X-BAT’s vertical takeoff; it goes into reheat which is also termed as afterburner, and lifts off like a rocket. Is that fully unassisted, there’s no boosters, there’s enough thrust-to-weight ratio in that design with a payload to get that off the cradle and up into forward horizontal flight with just the engine. The fundamental constituent of this defence marvel is that other VTOL systems, like the F-35B, need a complicated like lift fan system, Osprey needs the tiltrotors. But X-BAT is a straight-up tail sitter, simple F-16 propulsion train, single engine down the middle, afterburning engine, and the afterburner gives a thrust-to-weight needed to take off.
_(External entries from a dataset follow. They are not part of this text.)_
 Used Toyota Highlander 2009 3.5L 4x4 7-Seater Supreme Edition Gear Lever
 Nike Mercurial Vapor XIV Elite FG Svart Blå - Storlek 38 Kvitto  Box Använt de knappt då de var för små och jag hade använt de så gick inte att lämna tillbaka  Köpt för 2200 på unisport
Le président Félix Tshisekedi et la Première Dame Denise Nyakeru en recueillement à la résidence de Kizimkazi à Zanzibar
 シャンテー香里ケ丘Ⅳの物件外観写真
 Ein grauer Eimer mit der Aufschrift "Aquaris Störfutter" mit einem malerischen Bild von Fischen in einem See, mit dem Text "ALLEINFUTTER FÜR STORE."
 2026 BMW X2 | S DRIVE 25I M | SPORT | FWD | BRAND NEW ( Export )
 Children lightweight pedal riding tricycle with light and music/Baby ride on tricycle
Many fighter jets today actually have a thrust-to-weight ratio greater than one anyway, in many configurations. And the way that the VTOL control is achieved is with a thrust vectoring nozzle that was originally developed for an F-15 program in the late ‘90s. It was called ACTIVE [Advanced Control Technology for Integrated Vehicles].
X-BAT’s vertical landing; it comes in and does a cobra manoeuvre to go from horizontal to vertical, and then it translates down. The inlet is highly engineered to be able to accommodate that transition, and then also work well in vertical orientation, additional to the horizontal orientation. But the trajectory is shaped to ensure that it never like ‘blanking the inlet’ [where the engine suffocates due to airflow blocked by the airframe], allowing unintermittent airflow.
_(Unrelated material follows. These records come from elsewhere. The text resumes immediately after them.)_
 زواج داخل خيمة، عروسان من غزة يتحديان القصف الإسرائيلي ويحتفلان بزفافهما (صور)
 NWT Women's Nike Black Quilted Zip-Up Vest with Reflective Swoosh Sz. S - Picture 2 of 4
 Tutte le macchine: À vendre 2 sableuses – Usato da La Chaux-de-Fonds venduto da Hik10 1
The Cobra Manoeuvre, also known as Pugachev’s Cobra or Pugachev Cobra, is a spectacular, dramatic, and demanding aerobatics manoeuvre in which an aircraft flown at a moderate speed suddenly raises its nose to the vertical position—and beyond—before dropping the nose back to horizontal flight. The aircraft reaches a 90–120° angle of attack during the Cobra. The Cobra manoeuvre is named after the Soviet test pilot Viktor Pugachyov, who first performed the Cobra manoeuvre publicly in 1989 at the Paris Le Bourget air show, and shocked the Western spectators who couldn’t believe it. The Soviet Union still existed at this time. However, the Cobra was first executed by Sukhoi test-pilot Igor Volk in a test flight (in the Soviet Union). The classic Cobra was done using only standard aerodynamic controls. Today, it is easier to do with Vector Thrust.